Joel Julajuj (left), 19, and José Julajuj, 17, who are not related, participate in a workshop at their school in Chaquijyá village in Sololá, a department in southwestern Guatemala. The event is an icebreaker, at which those attending gave each other flowers and talked about their goals, to learn how they can support one another and motivate themselves to be successful.
Children aged 10 to 15 use a computer in one of their first technology classes at the Escuela Guadalupana, a school in Chaquijyá village in the department of Sololá, Guatemala. Their teacher, Leona Sajvin, provides her personal computer to show the students the advantages and disadvantages of using the internet.
Claire-Adèle Ndoko (right, foreground), a firefighting trainee, practices taking her position in a march during a month-long course for children aged 7 to 16, organized by a firefighting unit in Ngodi, a neighborhood in Douala, Cameroon. The children, who are on summer vacation, learned various skills that could help them save lives and property during a blaze or a health emergency, such as an epileptic seizure.
Vanessa Chikombe, 11, uses her blackboard to teach (from right) Rhoda Chimutima, 9, Tanyaradzwa Chuzo, 11, and Vanessa’s sister Cleopatra Chikombe, 6, lessons in English, grammar, spelling and mathematics in Caledonia, a settlement in Harare, Zimbabwe. Twice a week after school, Vanessa gathers her sister and friends to give them what she calls “extra lessons,” using what she has learned in her own classes as a guide.
A group of 12- to 14-year-old students from the Instituto Tecnológico paints the entrance to the institute in Sololá, a department in southwestern Guatemala. The Instituto Tecnológico is a youth academic institute at the Universidad del Valle de Guatemala’s Altiplano campus. The children were participating in the Niñas Furia project, which helps Sololá students develop sensitivity and discover their painting and other artistic talents.

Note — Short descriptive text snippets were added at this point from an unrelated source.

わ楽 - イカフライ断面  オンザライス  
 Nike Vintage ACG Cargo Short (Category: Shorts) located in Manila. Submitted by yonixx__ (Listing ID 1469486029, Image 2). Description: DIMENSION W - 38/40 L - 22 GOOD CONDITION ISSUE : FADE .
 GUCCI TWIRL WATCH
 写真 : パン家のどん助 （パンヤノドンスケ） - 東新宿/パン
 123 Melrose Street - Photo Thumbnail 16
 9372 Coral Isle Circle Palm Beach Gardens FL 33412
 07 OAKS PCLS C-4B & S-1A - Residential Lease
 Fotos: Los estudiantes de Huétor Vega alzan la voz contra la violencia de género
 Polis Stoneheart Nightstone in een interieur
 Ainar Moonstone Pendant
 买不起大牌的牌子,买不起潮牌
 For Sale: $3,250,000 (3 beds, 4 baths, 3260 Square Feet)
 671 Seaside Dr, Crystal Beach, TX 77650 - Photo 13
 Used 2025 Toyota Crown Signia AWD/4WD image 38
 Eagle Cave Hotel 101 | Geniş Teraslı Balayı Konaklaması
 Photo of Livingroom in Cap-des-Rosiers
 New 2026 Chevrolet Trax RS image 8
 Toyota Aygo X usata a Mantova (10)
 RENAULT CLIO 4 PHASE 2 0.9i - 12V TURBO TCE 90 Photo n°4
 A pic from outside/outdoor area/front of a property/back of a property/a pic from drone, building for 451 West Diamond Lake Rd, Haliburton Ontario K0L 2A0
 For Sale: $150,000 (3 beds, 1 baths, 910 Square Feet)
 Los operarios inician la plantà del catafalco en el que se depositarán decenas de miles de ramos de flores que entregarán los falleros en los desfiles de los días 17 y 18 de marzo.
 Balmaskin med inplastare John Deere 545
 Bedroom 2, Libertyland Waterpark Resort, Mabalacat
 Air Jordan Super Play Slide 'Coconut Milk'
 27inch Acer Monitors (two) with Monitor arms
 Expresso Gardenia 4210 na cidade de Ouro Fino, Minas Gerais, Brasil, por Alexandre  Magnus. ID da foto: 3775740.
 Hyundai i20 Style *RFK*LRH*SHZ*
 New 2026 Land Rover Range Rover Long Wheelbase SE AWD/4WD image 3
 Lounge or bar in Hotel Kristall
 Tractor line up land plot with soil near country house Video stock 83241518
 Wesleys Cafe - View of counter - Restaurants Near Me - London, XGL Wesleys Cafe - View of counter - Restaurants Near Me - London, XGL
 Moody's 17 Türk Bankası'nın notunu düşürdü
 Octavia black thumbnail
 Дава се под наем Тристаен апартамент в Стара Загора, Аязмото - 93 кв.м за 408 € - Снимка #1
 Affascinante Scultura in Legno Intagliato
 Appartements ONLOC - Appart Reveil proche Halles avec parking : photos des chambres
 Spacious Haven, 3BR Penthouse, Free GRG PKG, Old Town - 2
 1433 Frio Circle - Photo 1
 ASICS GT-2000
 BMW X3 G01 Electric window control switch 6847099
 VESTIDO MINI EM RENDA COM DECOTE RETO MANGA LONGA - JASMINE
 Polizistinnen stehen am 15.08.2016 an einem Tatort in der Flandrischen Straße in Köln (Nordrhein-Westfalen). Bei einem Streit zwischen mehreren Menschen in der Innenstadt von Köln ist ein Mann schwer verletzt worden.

A girl crosses a river using a sewer pipe as an improvised bridge on her way to school in Mutare, Zimbabwe. Children take this route to avoid the conventional path, which is much longer and often requires them to pay for public transport.
Musician Tariro ne Gitare (left) gives guitar lessons to students at St. Peter’s Secondary School Mbare in Harare, Zimbabwe. She started an initiative that offers free weekly lessons to nurture musical talent among students who had not had access to instruments.
Beatrice Akite, a teacher at St. Kizito Senior Secondary School in Kampala, Uganda’s capital city, helps students who are being trained in computer skills. The training is part of a nationwide effort in Uganda to improve computer literacy.
Students from the Escuela Oficial Rural Mixta, Caserío Cooperativa, school walk through the streets in Aldea Chaquijyá, a hamlet in Guatemala’s southwestern Sololá department, to celebrate Guatemala’s independence day on Sept. 15. Guatemala became a colony of Spain in the 16th century and gained its independence in 1821, making this the nation’s 195th birthday.
Kimberly Casia, 7, completes her mathematics exam, for which she later won first place among her district’s first-graders in the Olimpíada Nacional de Ciencias, the National Olympics of Sciences. The bi-annual competition gathers elementary school children across the country to test their aptitude in mathematics and social sciences. Casia competed in the San Juan Argueta district in Guatemala’s Sololá department.
Sady, 9 (in red), and his brother Chaka, 11 (in white), set out on a 2 kilometer (about 1.2 miles) trip to their school on an island in Lake Bunyonyi in Uganda. The boat is their only transport and they pilot it themselves to get to school each day.